Furthermore, there is a clear change in trajectory for the trends of non-serious adverse reaction reports circa 2012/2013. Perhaps there was a change in either the way the FDA classified these reactions (to be broader) or perhaps there was success in FDA efforts to curb underreporting of adverse reactions (which would affect non-serious reports much more than serious ones). If this trend is a correction of underreporting, we can consider that a good trend. Otherwise, it would be harder to interpret. More data is necessary for this analysis.
Turning now to forecasting the number of adverse reaction events that are reported to the FDA, we will look at the process just for non-serious adverse reactions which is the same process we do to forecast serious adverse reaction reports.
Here, again, is the real data we have over the last fifteen years.
The first thing we need to do is to decompose the data. Observed data is made up of a trend, seasonality, and randomness that sum up to give us our original data. Seasonality is a type of periodicity, as can be seen, a recurring pattern.
This gives us the seasonality information for our SARIMAX model (Seasonal AutoRegressive Integrated Moving Average with eXogenous regressors model). We need to get additional information before crafting our model. We need to detrend the data first. Below are two graphs. The one on the left shows our data with a rolling mean and standard deviation. This is clearly not stationary, as we confirm with the Dickey-Fuller test (p-value of .89). Stationarity is a fundamental assumption for the SARIMAX model, so we try to make it stationary first. The first attempt is to take a difference between one observation and the next and plot that as the graph on the right. We can see that the data is now stationary, confirmed by the Dickey-Fuller test (p-value of 2.23x10-29). This differencing information will be fed into the parameters of the SARIMAX model along with the seasonality information.

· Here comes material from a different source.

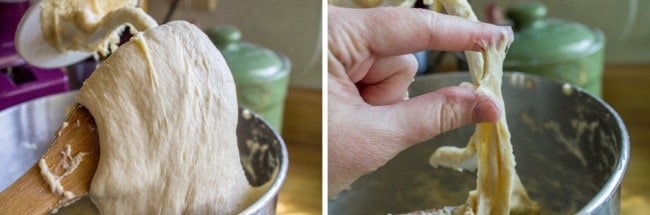 Showing the consistency that dough should be for dinner rolls.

Next, we need to decide how many autoregressive and/or moving average terms to include as parameters of our SARIMAX models. On the left, we plot autocorrelation and partial autocorrelation (which only looks at correlation to the next observation). For our model, we need one moving average term and no auto-regressive terms. Take a look at this guide for more in-depth information about these parameters. On the right, we finally run our model.
The model was created using data until about mid-2017. Here is the predictions on all data. As you can see, it unsurprisingly follows the general shape, though with dampened spikes, on all the training data. It also does fairly well on the test data. And we see that it predicts into the future.
Zoomed in, we can see the thicker blue prediction line from 2016 to 2024 and our actual data as the thinner line.
Looking at the same thing, but with both serious and non-serious adverse reactions, we see that serious adverse reactions remain fairly stable while non-serious adverse reactions continue to rise, likely matching or overtaking the number of serious reports in the next five years.
This is significant for many reasons. Most obviously, there is more processing of reports for the FDA to handle. The overall reporting is increasing. We cannot say whether that fact is necessarily good or bad, but the agency must prepare for an increasing workload.
I am planning on revisiting this forecast soon to non just do a train-test split but also to validate across a number of folds. I believe that will improve the model drastically.
The goal of classification is simply to be able to predict whether an adverse reaction will be serious or not given certain predictor variables.
I am currently building out these models. This project is ongoing.
A naïve model will guess that an observation will be serious 76.25 of the time.